Saint Petersburg is one of the most creative cities in Russia; the former capital just hosted the 2018 Sand Sculpture Festival (English version of their website), and it…was…amazing!
This year’s theme was “World Wonders (Masterpieces)”, and it took place right beside the historic Saints Peter and Paul Fortress, the burial site of Russian Czars after the 1700s. Check out their 2018 short ad:
Great masterpieces of human history from Egyptian wonders, to Russian dreams were recreated in brilliant sand sculptures, and here are some of the best photos, like the marvelous Last Supper pictured above.
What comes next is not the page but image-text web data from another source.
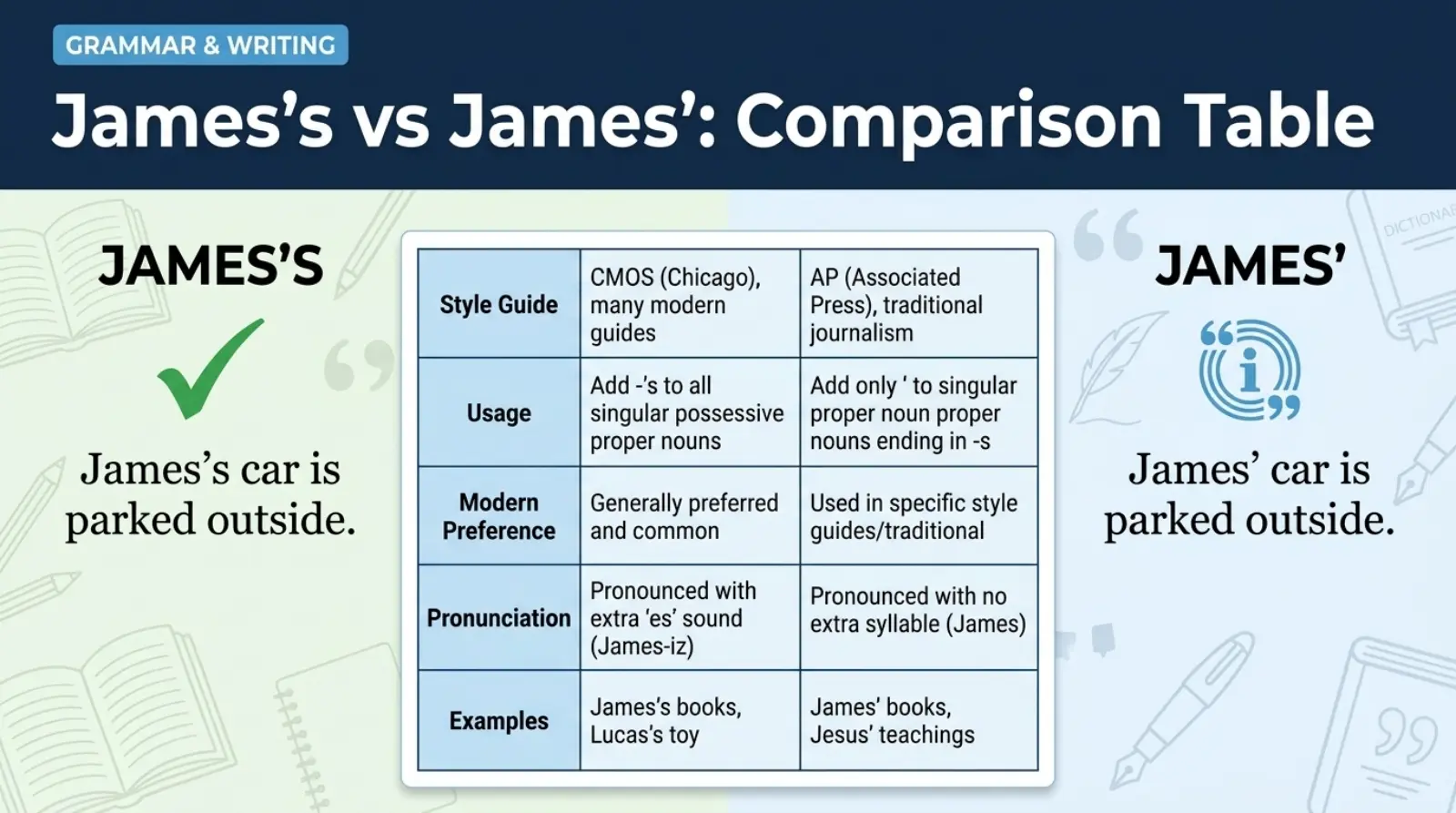 James's vs James': Comparison Table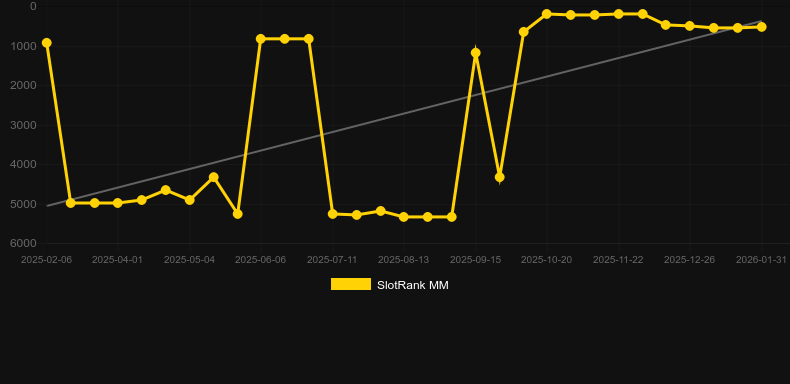 Candy Burst (PG Soft). SlotRank oyununun grafiği
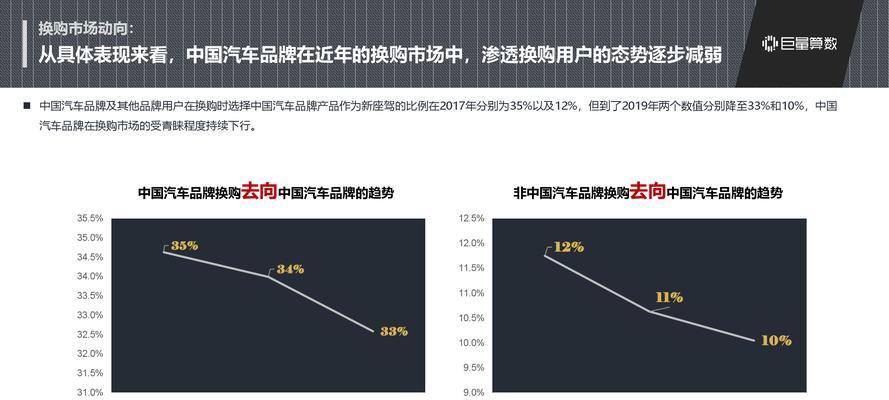 汽车巨量业务具体指什么？有哪些常见问题？  第1张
Brought to you by Peter the Great
Next up, we really should feature the founder of Saint Petersburg, and therefore the man who made it all possible, Emperor Peter the Great.
His Imperial Majesty is looking very lively, and wearing his iconic gorget. He fits in nicely with this princess.
Great Russians weren’t the only legends featured. The Saint Petersburg festival turns back the sands of time to the earliest periods in human history, featuring some of the oldest rulers.
These Egyptian statues truly look like they could have come out of the Egyptian desert. Had the walls of the Peter and Paul Fortress not been directly behind them, I would have believed this WAS Egypt.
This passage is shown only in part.